=== Work to be completed ===
I'd ask you to write out the lines below exactly, with no images.
------------
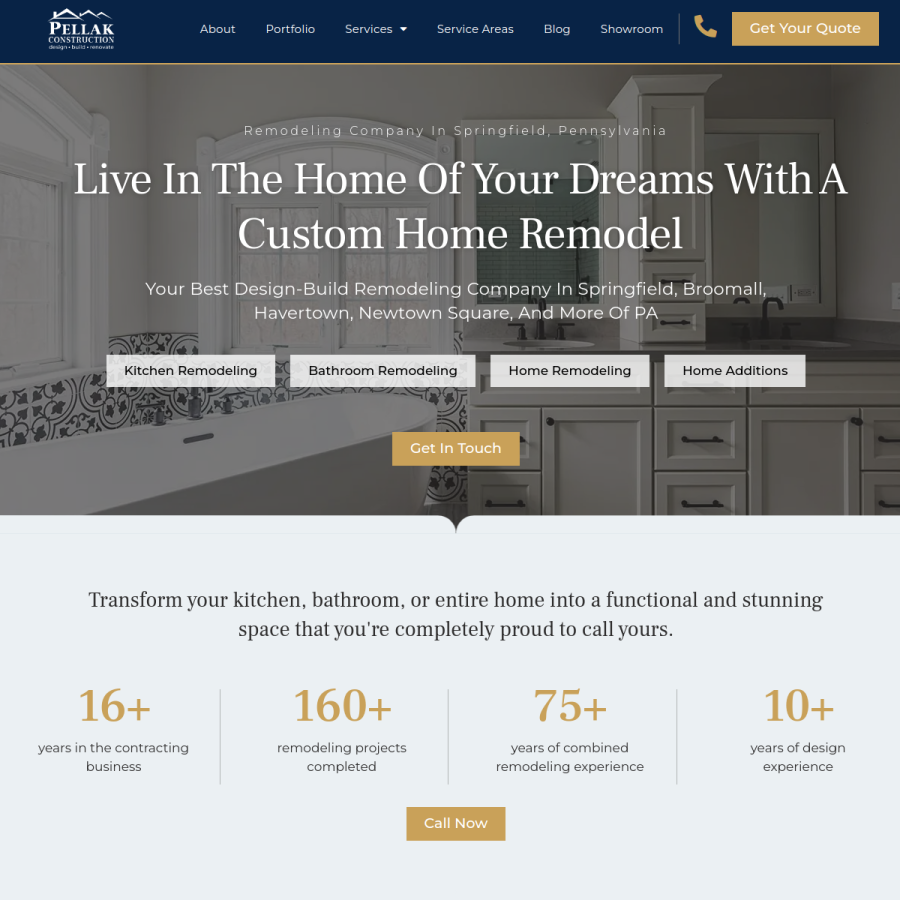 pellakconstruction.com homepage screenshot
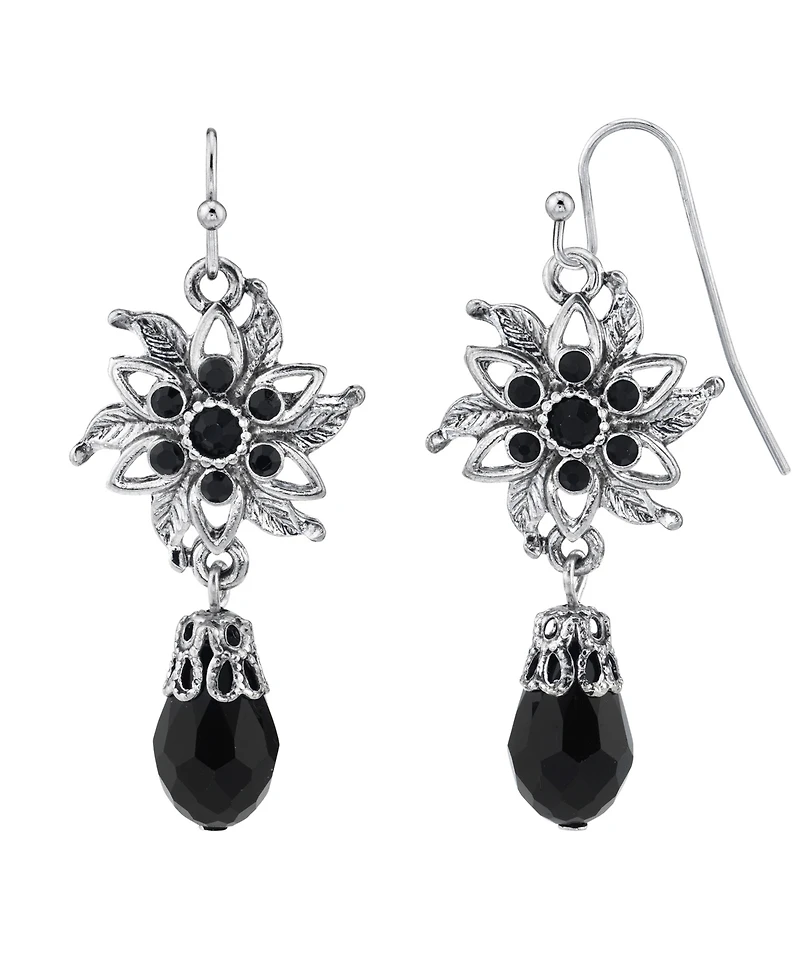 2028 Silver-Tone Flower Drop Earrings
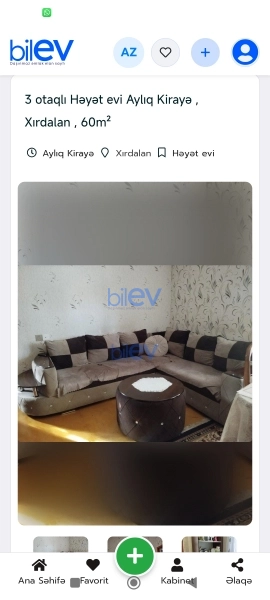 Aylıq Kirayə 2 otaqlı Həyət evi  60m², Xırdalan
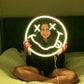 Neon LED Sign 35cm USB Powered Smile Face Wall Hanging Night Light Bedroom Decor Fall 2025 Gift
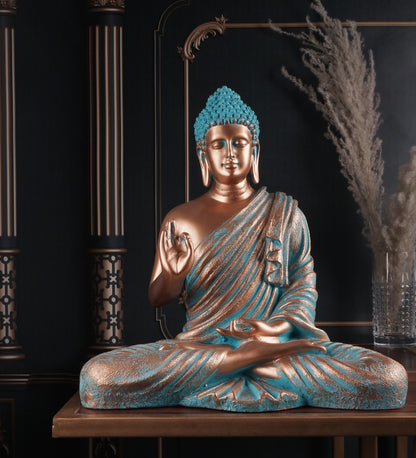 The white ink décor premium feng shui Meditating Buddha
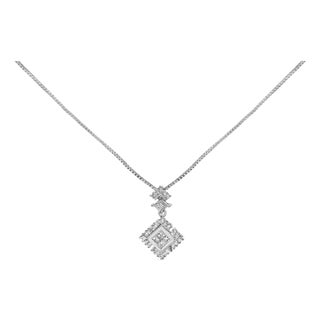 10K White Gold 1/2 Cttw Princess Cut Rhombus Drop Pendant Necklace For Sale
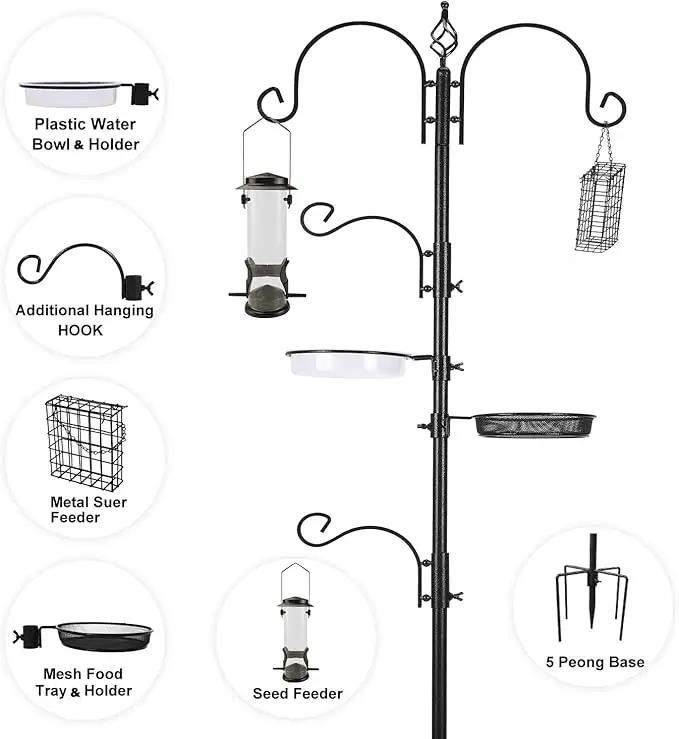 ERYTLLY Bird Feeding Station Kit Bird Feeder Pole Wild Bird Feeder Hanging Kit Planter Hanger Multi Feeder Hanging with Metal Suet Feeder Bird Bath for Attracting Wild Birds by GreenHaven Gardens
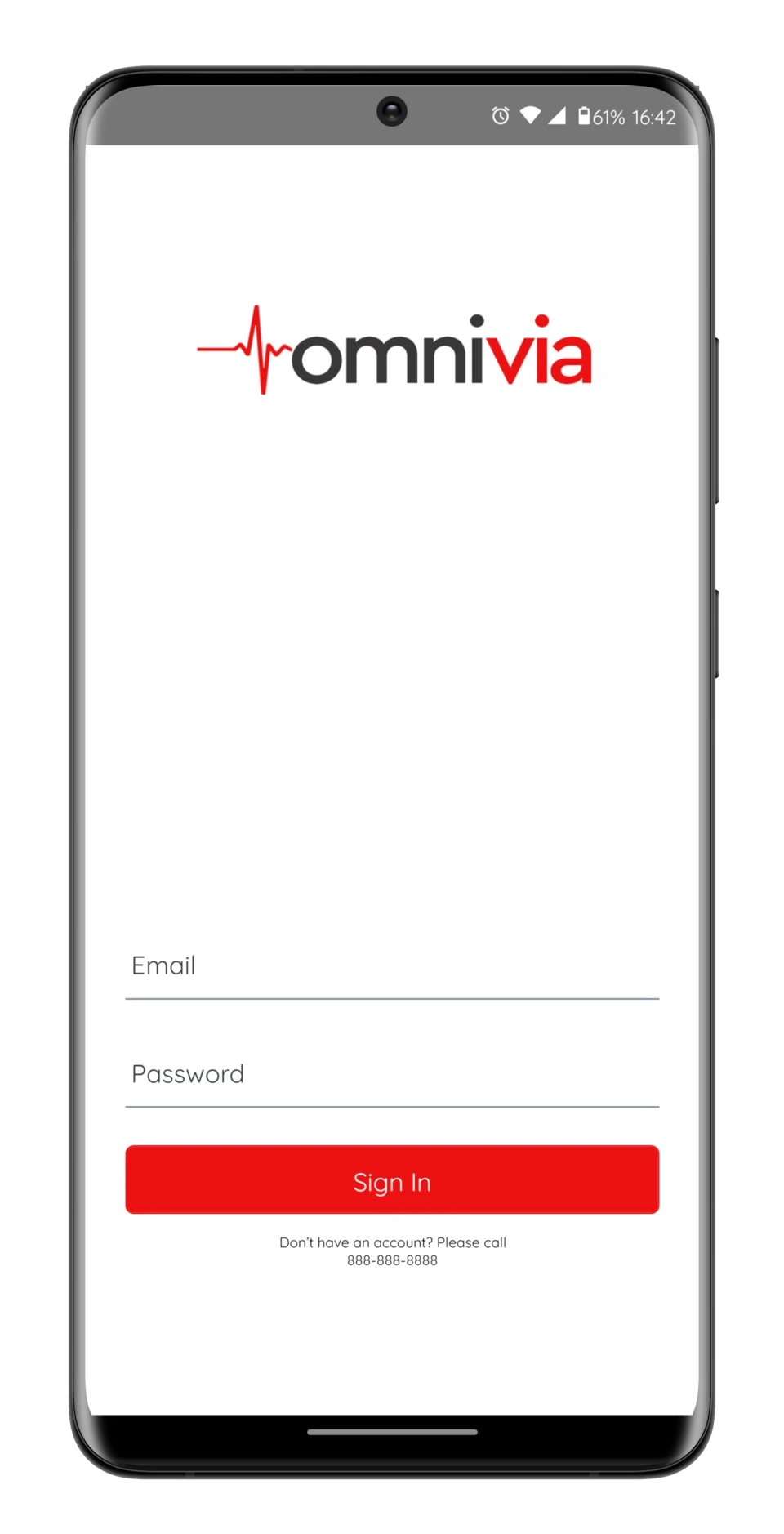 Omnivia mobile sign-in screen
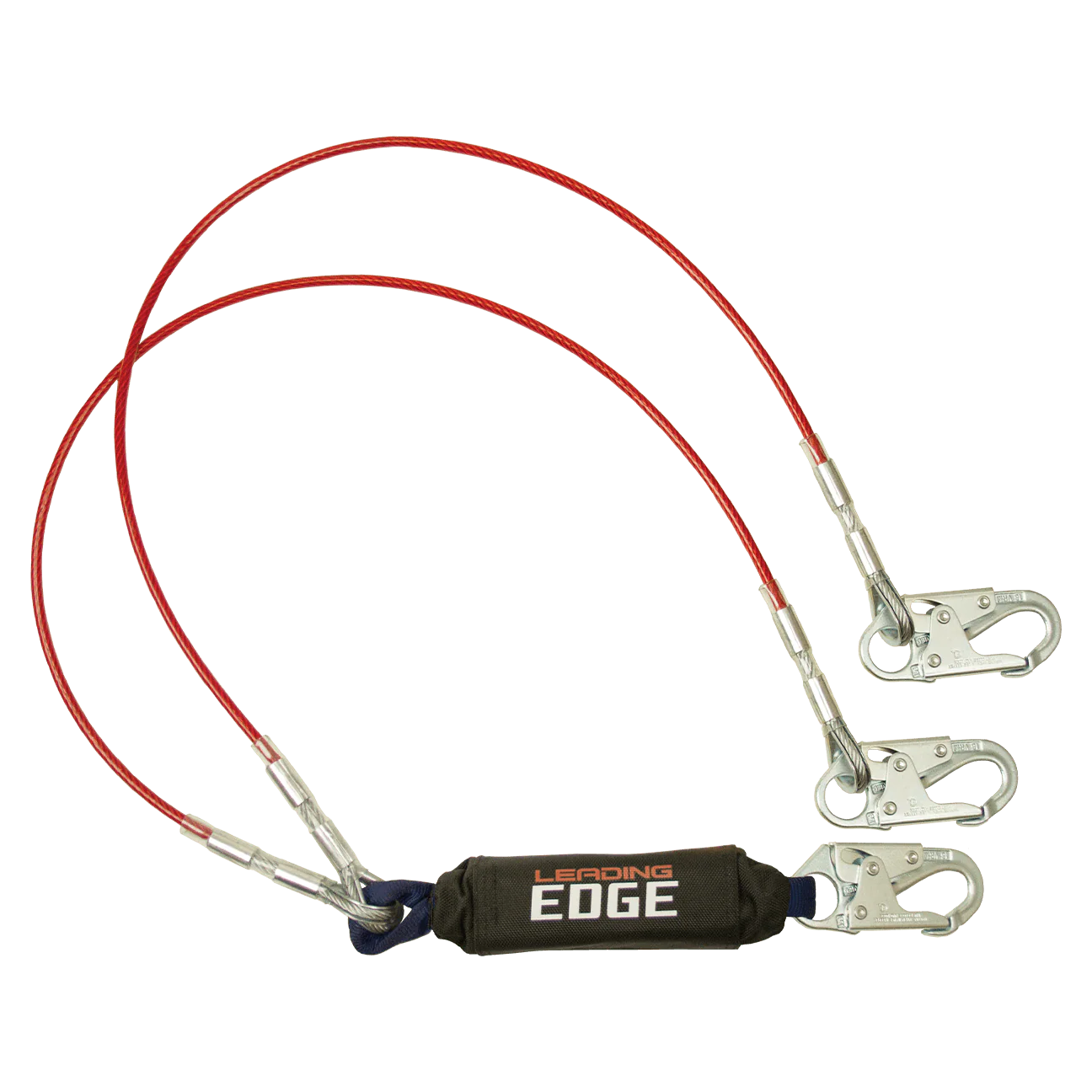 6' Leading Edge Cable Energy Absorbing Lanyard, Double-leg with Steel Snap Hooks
------------
=== Answer to this exercise ===
 pellakconstruction.com homepage screenshot
 2028 Silver-Tone Flower Drop Earrings
 Aylıq Kirayə 2 otaqlı Həyət evi  60m², Xırdalan
 Neon LED Sign 35cm USB Powered Smile Face Wall Hanging Night Light Bedroom Decor Fall 2025 Gift
 The white ink décor premium feng shui Meditating Buddha
 10K White Gold 1/2 Cttw Princess Cut Rhombus Drop Pendant Necklace For Sale
 ERYTLLY Bird Feeding Station Kit Bird Feeder Pole Wild Bird Feeder Hanging Kit Planter Hanger Multi Feeder Hanging with Metal Suet Feeder Bird Bath for Attracting Wild Birds by GreenHaven Gardens
 Omnivia mobile sign-in screen
 6' Leading Edge Cable Energy Absorbing Lanyard, Double-leg with Steel Snap Hooks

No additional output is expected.